Aim of the task:
This task calls for copying every line of the records that includes the word "rose".
*** Opening Records for this task ***
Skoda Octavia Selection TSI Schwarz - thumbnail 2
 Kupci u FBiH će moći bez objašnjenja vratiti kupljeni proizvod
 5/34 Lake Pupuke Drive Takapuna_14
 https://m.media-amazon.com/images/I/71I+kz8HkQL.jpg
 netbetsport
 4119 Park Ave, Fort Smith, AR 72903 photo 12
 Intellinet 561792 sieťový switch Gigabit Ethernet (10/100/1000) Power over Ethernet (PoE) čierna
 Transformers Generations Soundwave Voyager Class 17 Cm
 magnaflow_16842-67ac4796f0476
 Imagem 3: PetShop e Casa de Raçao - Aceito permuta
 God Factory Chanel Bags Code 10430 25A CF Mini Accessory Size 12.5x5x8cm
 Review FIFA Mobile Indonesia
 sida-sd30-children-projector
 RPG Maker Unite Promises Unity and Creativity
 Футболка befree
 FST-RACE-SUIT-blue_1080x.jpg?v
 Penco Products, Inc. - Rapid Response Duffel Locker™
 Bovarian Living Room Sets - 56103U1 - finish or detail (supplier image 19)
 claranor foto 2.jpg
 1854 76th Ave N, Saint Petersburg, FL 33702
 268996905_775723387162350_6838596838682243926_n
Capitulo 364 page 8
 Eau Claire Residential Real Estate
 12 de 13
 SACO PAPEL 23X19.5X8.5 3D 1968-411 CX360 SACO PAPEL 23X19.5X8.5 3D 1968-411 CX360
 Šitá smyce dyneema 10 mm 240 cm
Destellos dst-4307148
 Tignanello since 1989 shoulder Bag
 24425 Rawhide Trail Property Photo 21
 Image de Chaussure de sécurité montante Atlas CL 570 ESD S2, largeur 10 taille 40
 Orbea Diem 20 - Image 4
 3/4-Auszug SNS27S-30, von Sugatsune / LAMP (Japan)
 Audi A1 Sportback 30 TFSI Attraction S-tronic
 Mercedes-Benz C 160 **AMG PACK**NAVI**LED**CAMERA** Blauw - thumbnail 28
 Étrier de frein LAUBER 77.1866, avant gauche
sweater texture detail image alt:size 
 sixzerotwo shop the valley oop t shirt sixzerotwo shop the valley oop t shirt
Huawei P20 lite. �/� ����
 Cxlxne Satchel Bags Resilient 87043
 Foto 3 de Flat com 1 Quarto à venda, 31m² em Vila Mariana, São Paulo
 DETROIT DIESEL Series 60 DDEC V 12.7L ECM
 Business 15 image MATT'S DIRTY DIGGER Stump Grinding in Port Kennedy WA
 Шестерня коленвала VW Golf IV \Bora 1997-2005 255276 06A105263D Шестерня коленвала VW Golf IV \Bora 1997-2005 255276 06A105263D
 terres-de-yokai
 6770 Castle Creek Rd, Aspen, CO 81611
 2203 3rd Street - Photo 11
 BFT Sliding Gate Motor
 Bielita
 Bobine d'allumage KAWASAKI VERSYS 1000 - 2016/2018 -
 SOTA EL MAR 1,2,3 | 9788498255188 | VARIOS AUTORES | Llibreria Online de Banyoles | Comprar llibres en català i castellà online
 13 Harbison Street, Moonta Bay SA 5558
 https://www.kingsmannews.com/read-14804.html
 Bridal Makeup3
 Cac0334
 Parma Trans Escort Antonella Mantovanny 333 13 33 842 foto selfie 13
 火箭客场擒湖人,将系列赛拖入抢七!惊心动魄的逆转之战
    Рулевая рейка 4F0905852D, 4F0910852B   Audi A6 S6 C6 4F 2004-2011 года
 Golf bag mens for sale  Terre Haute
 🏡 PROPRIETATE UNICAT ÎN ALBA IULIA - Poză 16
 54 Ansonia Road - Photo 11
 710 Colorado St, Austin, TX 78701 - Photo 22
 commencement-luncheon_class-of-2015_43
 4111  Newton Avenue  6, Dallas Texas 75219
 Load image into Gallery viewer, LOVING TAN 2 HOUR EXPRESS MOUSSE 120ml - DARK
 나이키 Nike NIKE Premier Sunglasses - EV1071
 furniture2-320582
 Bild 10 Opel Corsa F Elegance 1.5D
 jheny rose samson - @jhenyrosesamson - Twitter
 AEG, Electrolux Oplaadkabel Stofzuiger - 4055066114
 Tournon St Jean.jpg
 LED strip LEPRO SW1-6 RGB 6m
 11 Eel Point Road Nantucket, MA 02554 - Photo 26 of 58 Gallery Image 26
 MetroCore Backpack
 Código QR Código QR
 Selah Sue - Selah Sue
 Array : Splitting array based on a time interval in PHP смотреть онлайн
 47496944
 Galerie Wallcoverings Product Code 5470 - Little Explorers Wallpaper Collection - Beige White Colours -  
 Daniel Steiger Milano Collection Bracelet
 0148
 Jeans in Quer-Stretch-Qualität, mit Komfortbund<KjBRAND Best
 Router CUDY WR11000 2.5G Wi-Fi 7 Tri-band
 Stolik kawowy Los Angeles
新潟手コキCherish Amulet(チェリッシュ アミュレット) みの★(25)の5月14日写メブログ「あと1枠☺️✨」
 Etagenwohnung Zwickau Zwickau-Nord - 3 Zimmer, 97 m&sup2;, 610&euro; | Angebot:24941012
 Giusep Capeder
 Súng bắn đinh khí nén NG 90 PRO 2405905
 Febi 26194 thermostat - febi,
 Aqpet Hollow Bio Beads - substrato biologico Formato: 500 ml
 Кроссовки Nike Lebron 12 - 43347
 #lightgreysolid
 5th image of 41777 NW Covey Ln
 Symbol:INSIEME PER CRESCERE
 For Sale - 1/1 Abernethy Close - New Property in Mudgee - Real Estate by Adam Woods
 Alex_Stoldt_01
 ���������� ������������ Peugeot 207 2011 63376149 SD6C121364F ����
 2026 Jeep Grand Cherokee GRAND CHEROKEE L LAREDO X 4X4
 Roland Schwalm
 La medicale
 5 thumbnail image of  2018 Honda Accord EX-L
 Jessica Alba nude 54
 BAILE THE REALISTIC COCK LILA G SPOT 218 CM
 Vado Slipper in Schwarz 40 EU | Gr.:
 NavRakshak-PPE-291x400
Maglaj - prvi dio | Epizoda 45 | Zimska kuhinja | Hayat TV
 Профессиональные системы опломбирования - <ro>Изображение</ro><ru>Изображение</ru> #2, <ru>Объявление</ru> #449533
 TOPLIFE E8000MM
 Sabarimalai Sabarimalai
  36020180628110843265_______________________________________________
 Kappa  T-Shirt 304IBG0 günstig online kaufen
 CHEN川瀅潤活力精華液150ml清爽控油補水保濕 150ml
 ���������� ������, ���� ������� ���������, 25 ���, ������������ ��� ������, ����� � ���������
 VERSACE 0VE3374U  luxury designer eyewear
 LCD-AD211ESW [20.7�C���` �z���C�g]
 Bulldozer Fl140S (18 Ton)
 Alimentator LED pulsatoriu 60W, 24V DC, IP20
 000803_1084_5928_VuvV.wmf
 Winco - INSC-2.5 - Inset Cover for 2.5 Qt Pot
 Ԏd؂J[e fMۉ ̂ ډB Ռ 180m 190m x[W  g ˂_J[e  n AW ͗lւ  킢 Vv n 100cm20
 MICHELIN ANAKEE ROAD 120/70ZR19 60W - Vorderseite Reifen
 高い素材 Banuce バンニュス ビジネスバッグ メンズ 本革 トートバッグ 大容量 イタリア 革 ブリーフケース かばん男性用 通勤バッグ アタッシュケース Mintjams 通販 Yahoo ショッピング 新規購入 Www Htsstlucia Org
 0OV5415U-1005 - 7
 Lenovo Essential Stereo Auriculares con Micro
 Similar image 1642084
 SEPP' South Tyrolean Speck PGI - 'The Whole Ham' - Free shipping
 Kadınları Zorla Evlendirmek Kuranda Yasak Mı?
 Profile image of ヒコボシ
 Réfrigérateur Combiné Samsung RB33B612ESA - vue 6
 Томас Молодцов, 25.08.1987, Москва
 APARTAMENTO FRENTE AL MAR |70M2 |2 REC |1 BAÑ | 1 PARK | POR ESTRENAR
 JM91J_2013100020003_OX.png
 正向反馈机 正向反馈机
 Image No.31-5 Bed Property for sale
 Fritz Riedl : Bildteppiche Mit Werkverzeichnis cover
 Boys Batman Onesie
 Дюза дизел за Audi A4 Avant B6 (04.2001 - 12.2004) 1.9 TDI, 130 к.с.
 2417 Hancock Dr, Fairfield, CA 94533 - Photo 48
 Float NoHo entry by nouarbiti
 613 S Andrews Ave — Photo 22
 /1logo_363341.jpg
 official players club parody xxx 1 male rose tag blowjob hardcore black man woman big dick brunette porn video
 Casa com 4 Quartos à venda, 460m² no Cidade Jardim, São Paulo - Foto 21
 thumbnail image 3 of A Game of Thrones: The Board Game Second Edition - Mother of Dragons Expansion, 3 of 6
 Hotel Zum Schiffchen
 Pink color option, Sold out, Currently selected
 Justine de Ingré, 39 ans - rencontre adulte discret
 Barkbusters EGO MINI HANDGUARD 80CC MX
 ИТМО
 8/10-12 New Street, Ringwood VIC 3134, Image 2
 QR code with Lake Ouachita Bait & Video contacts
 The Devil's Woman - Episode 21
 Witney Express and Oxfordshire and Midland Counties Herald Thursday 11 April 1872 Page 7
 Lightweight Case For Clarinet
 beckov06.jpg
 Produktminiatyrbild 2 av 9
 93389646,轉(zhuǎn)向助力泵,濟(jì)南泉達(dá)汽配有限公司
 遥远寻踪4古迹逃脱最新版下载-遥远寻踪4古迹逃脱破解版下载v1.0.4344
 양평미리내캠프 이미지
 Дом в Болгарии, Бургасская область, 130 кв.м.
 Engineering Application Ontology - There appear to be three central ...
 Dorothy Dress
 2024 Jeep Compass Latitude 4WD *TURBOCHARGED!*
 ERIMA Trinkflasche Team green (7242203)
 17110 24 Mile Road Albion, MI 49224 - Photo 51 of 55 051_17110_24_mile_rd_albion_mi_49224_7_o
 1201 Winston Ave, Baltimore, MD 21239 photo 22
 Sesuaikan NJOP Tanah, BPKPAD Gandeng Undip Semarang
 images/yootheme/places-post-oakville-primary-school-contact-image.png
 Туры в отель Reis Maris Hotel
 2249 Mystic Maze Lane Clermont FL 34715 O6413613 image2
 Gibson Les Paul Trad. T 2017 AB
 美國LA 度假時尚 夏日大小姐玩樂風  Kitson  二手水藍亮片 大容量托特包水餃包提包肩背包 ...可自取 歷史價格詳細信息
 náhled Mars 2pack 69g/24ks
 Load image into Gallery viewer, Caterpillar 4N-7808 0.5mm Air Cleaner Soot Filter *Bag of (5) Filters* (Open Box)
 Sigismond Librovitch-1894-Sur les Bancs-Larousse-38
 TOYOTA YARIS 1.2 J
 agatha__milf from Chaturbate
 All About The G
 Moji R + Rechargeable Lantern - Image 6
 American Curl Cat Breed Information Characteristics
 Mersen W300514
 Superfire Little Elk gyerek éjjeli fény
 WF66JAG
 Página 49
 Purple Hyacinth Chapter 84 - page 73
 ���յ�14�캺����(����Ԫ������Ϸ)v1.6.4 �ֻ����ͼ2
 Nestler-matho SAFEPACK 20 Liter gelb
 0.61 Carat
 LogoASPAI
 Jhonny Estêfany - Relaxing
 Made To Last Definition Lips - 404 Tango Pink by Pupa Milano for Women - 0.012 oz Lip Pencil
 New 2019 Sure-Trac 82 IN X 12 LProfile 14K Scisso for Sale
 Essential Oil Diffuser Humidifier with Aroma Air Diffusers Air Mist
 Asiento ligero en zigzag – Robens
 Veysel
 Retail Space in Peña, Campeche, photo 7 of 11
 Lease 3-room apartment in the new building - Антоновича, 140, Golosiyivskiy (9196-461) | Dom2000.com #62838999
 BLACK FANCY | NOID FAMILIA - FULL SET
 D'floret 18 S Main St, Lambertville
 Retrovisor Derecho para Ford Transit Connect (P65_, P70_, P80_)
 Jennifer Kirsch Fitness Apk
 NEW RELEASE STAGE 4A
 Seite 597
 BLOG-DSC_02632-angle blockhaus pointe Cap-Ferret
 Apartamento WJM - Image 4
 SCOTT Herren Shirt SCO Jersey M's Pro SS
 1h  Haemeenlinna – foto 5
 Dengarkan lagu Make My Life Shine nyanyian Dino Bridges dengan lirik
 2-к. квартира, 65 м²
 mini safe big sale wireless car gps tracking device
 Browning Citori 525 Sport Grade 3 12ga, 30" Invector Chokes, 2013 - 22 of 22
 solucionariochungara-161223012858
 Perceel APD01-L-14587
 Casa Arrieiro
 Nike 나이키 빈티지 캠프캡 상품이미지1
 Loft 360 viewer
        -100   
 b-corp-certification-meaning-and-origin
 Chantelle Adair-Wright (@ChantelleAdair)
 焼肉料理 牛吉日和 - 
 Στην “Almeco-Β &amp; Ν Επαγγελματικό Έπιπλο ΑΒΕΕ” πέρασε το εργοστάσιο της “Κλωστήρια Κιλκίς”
*** Closing Records for this task ***
Exercise response:
 jheny rose samson - @jhenyrosesamson - Twitter
 official players club parody xxx 1 male rose tag blowjob hardcore black man woman big dick brunette porn video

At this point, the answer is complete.